Activity: Write out the entries below exactly, but only from the line containing "m1fn.ru | Решения" through the line containing "713610760 Підшипник маточини", and without the pictures.

Source data:
-----

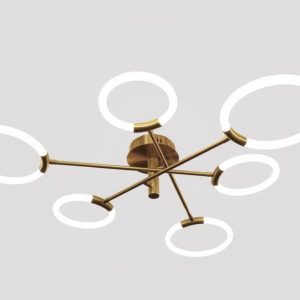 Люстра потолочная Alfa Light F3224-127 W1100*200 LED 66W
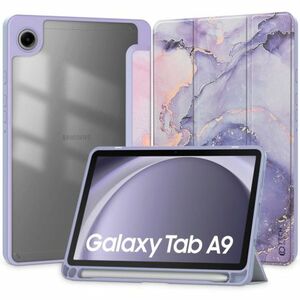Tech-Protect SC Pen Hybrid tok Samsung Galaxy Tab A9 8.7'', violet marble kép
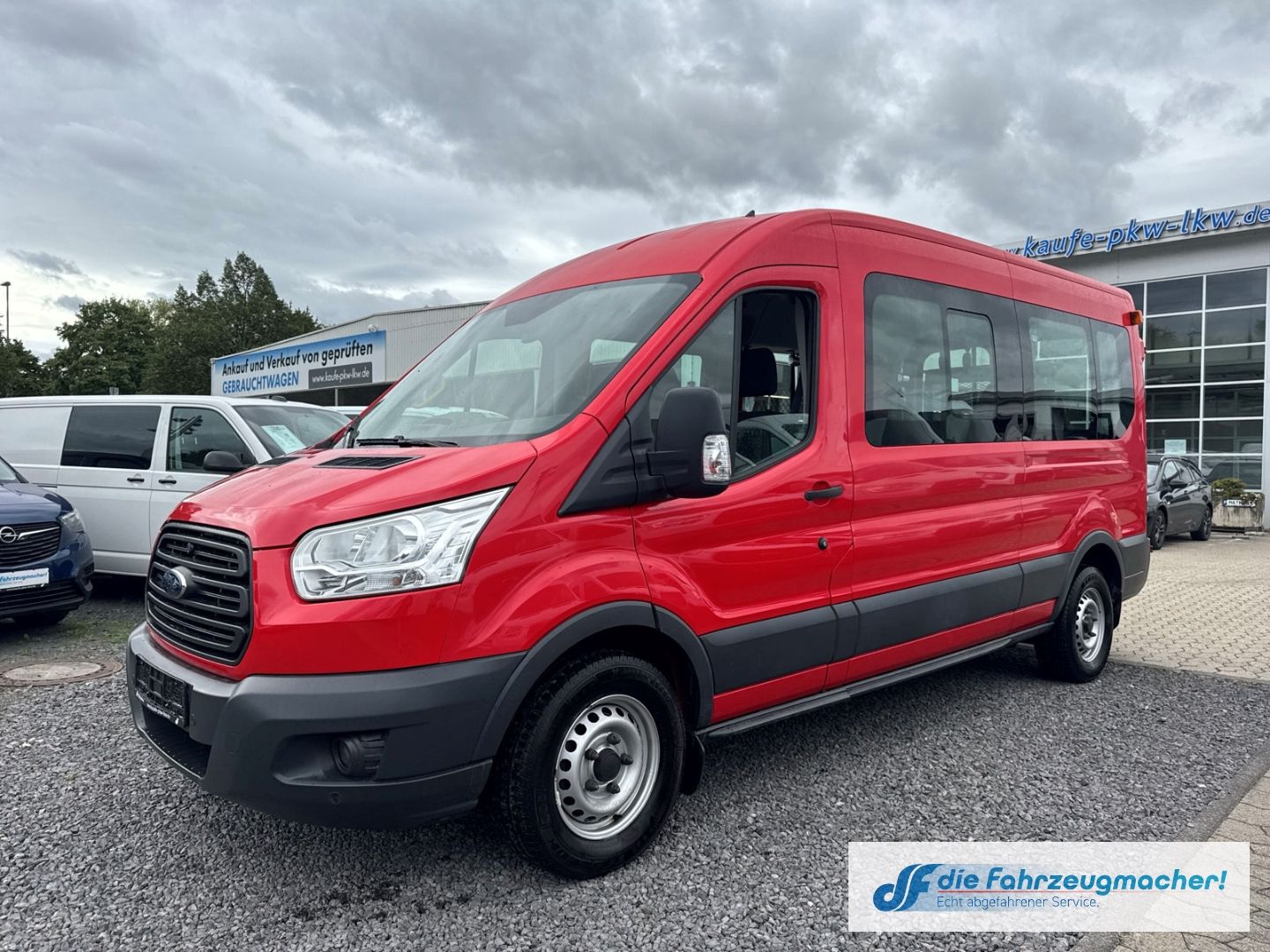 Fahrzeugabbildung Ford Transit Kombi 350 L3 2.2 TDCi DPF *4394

-----

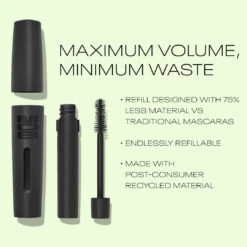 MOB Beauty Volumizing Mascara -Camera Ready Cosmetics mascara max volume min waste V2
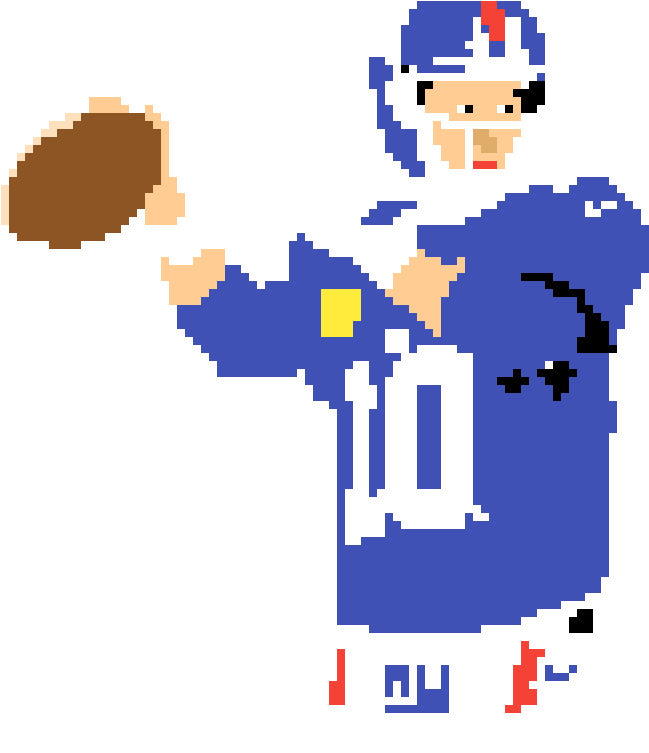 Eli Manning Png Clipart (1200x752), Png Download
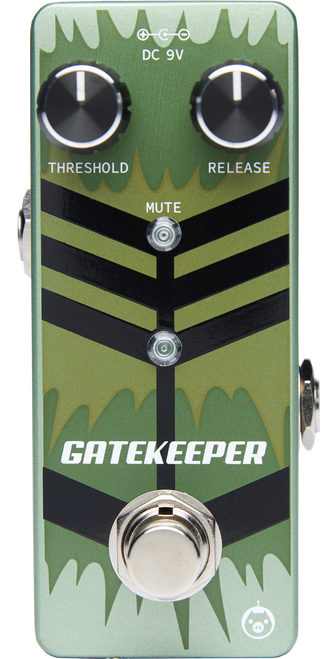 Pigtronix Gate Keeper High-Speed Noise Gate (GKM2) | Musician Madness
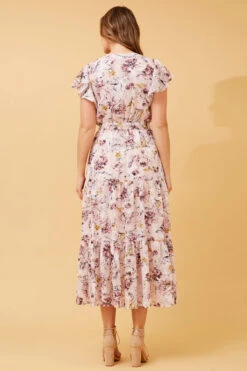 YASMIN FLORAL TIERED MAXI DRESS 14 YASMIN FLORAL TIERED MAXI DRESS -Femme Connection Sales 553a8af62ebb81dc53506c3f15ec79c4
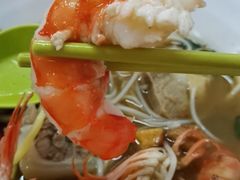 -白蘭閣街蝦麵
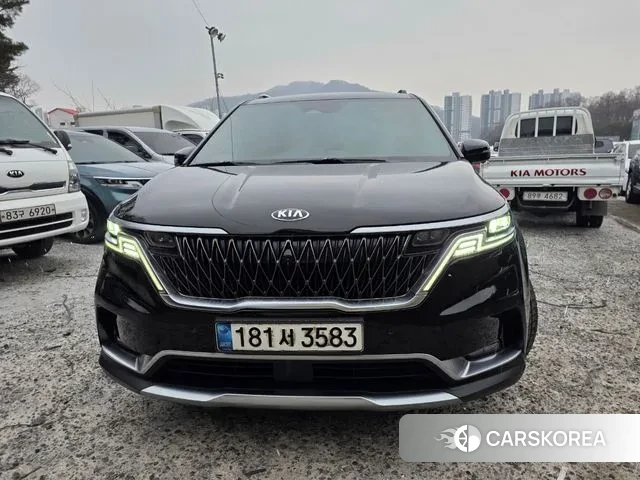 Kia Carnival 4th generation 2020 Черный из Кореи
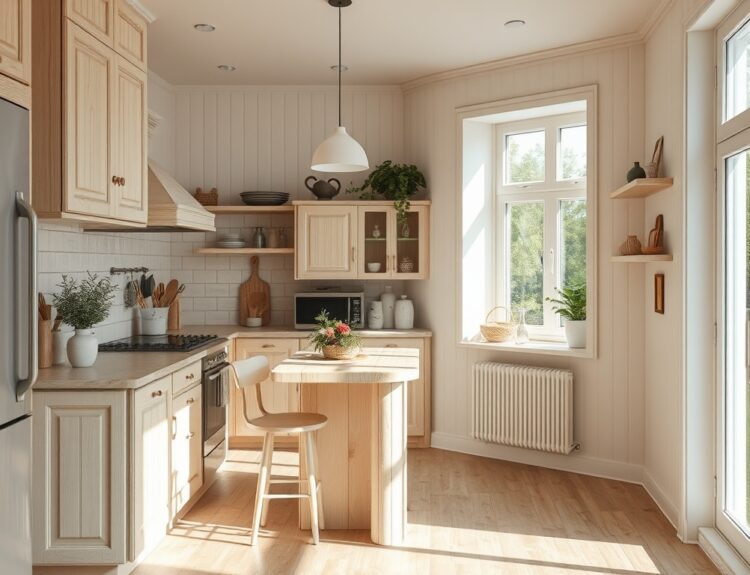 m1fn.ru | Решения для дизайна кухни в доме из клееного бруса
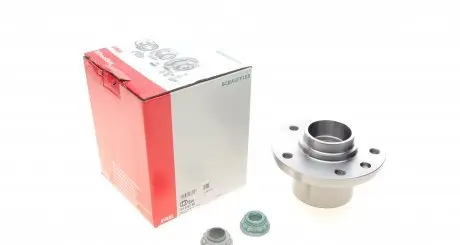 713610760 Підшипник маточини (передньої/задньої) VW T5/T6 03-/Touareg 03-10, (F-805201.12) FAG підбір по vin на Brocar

-----

Task result:
 m1fn.ru | Решения для дизайна кухни в доме из клееного бруса
 713610760 Підшипник маточини (передньої/задньої) VW T5/T6 03-/Touareg 03-10, (F-805201.12) FAG підбір по vin на Brocar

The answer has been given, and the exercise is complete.